The RAG Atlas: A Visual Guide to Retrieval Patterns

RAG isn't one thing. It's a family of pipelines, each with different trade-offs around latency, cost, accuracy, and complexity. The RAG Atlas maps ten of the most common retrieval patterns visually, with animated data-flow diagrams you can interact with.

Open the Interactive RAG Atlas →

Ten patterns covered

1. Vanilla RAG — the minimal baseline. Query → embed → vector search → LLM. Fastest and simplest, but brittle on ambiguous queries.

2. Hybrid RAG — BM25 + vector search, fused with Reciprocal Rank Fusion.
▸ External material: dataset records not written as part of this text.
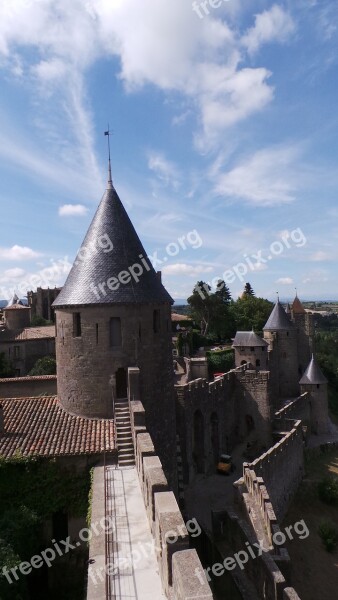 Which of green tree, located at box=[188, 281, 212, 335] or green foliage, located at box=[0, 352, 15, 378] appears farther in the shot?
green tree, located at box=[188, 281, 212, 335]

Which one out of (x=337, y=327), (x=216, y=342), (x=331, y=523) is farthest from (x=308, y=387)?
(x=337, y=327)

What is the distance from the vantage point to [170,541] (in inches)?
294

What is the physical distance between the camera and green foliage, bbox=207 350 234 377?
4660 cm

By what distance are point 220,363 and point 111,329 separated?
107 ft

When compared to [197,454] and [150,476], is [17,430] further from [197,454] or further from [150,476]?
[197,454]

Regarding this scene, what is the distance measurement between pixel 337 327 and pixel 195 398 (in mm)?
145343

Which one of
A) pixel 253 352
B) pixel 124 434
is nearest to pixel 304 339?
pixel 253 352

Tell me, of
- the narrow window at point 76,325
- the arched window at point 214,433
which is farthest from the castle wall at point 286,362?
the narrow window at point 76,325

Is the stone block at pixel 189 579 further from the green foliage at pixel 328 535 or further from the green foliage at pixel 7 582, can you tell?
the green foliage at pixel 328 535

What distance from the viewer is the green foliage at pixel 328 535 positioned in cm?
2380

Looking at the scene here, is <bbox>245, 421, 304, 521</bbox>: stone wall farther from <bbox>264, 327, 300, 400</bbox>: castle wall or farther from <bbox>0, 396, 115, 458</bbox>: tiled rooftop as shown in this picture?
<bbox>264, 327, 300, 400</bbox>: castle wall

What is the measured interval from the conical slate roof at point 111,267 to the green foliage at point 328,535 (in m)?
17.1

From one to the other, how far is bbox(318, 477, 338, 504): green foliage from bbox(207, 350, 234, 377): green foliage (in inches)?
723

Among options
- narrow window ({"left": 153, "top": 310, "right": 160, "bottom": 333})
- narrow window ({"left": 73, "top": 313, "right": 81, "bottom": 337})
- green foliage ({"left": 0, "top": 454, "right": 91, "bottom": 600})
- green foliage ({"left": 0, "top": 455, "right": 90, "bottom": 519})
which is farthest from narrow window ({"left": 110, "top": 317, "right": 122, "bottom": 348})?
green foliage ({"left": 0, "top": 455, "right": 90, "bottom": 519}) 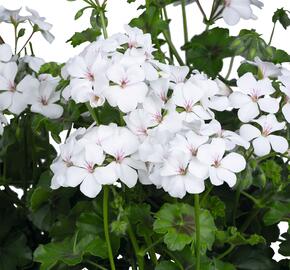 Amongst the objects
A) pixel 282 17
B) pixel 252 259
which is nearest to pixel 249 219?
pixel 252 259

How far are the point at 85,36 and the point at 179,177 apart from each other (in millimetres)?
526

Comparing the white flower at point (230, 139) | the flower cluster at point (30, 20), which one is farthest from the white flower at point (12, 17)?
the white flower at point (230, 139)

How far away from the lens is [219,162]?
168 cm

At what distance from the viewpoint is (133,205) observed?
1.81m

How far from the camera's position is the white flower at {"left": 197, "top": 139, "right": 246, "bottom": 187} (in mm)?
1651

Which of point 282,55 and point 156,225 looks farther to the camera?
point 282,55

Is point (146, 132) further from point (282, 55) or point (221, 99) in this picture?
point (282, 55)

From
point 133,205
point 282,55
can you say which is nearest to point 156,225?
point 133,205

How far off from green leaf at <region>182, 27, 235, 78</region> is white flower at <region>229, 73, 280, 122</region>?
0.19 m

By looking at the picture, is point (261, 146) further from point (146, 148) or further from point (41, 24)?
point (41, 24)

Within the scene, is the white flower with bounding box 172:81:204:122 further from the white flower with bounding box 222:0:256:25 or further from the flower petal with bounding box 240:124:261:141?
the white flower with bounding box 222:0:256:25

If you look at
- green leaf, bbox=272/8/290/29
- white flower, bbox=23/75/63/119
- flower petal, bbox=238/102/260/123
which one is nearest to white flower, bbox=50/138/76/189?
white flower, bbox=23/75/63/119

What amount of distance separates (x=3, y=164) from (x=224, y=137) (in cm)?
62

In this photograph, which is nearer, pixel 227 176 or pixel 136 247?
pixel 227 176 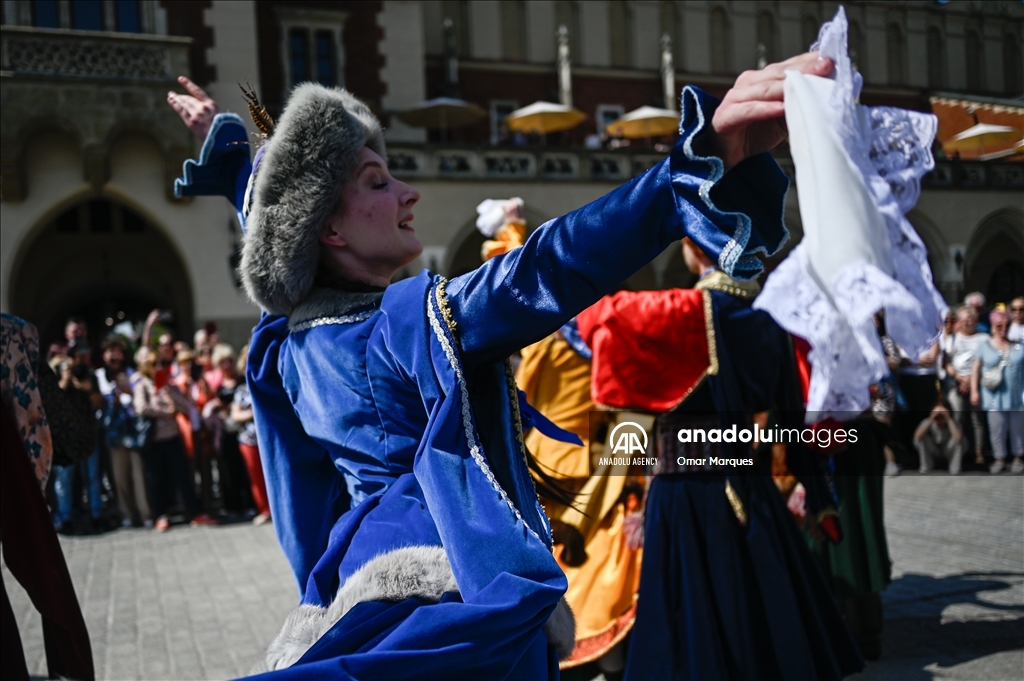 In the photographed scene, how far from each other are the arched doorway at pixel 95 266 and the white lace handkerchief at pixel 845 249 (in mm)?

Best for technical terms, error codes, and proper nouns that semantic search misses.

3. Rerank-first RAG — over-retrieve a wide candidate set, then cross-encode for precision. Significant accuracy improvement at the cost of extra latency.

4. Query Expansion — an LLM generates multiple query variants to cast a wider retrieval net. Rescues vague or vocabulary-mismatched queries.

5. HyDE — Hypothetical Document Embeddings. The LLM drafts a plausible answer first; that answer's embedding retrieves better than the raw question.

6. Conversational RAG — condenses chat history into a standalone question before retrieval. Keeps multi-turn context accurate without stuffing the full transcript.

7. Router RAG — a classifier dispatches queries to the right source (docs, code index, SQL, web). Avoids polluting context by searching the wrong corpus.

8. Iterative / Corrective RAG — retrieve, draft, critique, refine, repeat. A self-correcting loop for complex questions and sparse corpora.

9. Graph RAG — traverses a knowledge graph from query entities, then summarises communities. Captures relationships that chunk-based retrieval structurally misses.

10. Structured RAG — the LLM generates SQL or tool calls for tabular data. Exact answers from authoritative structured sources with no hallucination on numeric facts (when SQL is correct).

Each pattern in the interactive version includes an animated flow diagram, a node-by-node inspector (what it does, why it exists, how it fails, and how to tune it), and a live simulator where you can toggle chunk size, top-k, reranker on/off, and hybrid mode, and see the effects on latency, cost, and accuracy risk in real time.